Pathway: Oxygen-dependent proline hydroxylation of Hypoxia-inducible Factor Alpha

Reactions in pathway: Oxygen-dependent proline hydroxylation of Hypoxia-inducible Factor Alpha :

Oxygen-dependent proline hydroxylation of Hypoxia-inducible Factor Alpha

HIF-alpha subunits, comprising HIF1A (Bruick and McKnight 2001, Ivan et al. 2001, Jaakkola et al. 2001), HIF2A (Percy et al. 2008, Furlow et al. 2009), and HIF3A (Maynard et al. 2003), are hydroxylated at proline residues by the prolyl hydroxylases PHD1 (EGLN2), PHD2 (EGLN1), and PHD3 (EGLN3) (Bruick and McKnight 2001, Berra et al. 2003, Hirsila et al. 2003, Metzen et al. 2003, Tuckerman et al. 2004, Appelhoff et al. 2004, Fedulova et al. 2007, Tian et al. 2011). The reaction requires molecular oxygen as a substrate and so it is inhibited by hypoxia. PHD2 (EGLN1) is predominantly cytosolic (Metzen et al. 2003) and is the key determinant in the regulation of HIF-alpha subunits by oxygen (Berra et al. 2003).
HIF-alpha subunits hydroxylated at proline residues are bound by VHL, an E3 ubiquitin ligase in a complex containing ElonginB, Elongin C, CUL2, and RBX1. VHL ubiquitinates HIF-alpha, resulting in destruction of HIF-alpha by proteolysis.

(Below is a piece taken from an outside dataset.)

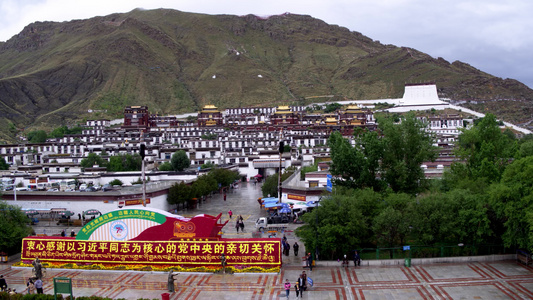 西藏日喀则扎什伦布寺航拍视频
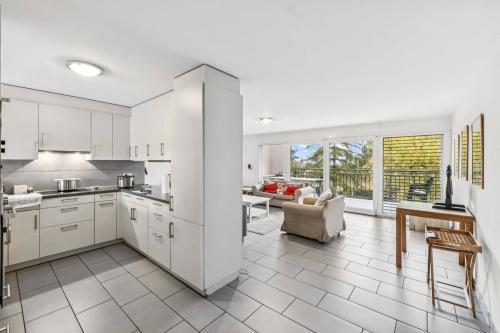 Appartement Traversant De 5,5 Pièces Avec Vue Sur Le Lac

Hypoxia inhibits proline hydroxylation and interaction with VHL, stabilizing HIF-alpha, which transits to the nucleus and activates gene expression.

Cellular responses to stress

Cells are subject to external molecular and physical stresses such as foreign molecules that perturb metabolic or signaling processes, and changes in temperature or pH. Cells are also subject to internal molecular stresses such as production of reactive metabolic byproducts. The ability of cells and tissues to modulate molecular processes in response to such stresses is essential to the maintenance of tissue homeostasis (Kultz 2005). Specific stress-related processes annotated here are cellular response to hypoxia, cellular response to heat stress, cellular senescence, HSP90 chaperone cycle for steroid hormone receptors (SHR) in the presence of ligand, response of EIF2AK1 (HRI) to heme deficiency, heme signaling, cellular response to chemical stress, cellular response to starvation, and unfolded protein response.

Cellular responses to stimuli

Individual cells detect and respond to diverse external molecular and physical signals. Appropriate responses to these signals are essential for normal development, maintenance of homeostasis in mature tissues, and effective defensive responses to potentially noxious agents (Kultz 2005). It is convenient, if somewhat arbitrary, to distinguish responses to signals involved in development and homeostasis from ones involved in stress responses, and that classification is followed here, with macroautophagy and responses to metal ions classified as responses to normal external stimuli, while responses to hypoxia, reactive oxygen species, and heat, and the process of cellular senescence are classified as stress responses. Signaling cascades are integral components of all of these response mechanisms but because of their number and diversity, they are grouped in a separate signal transduction superpathway in Reactome.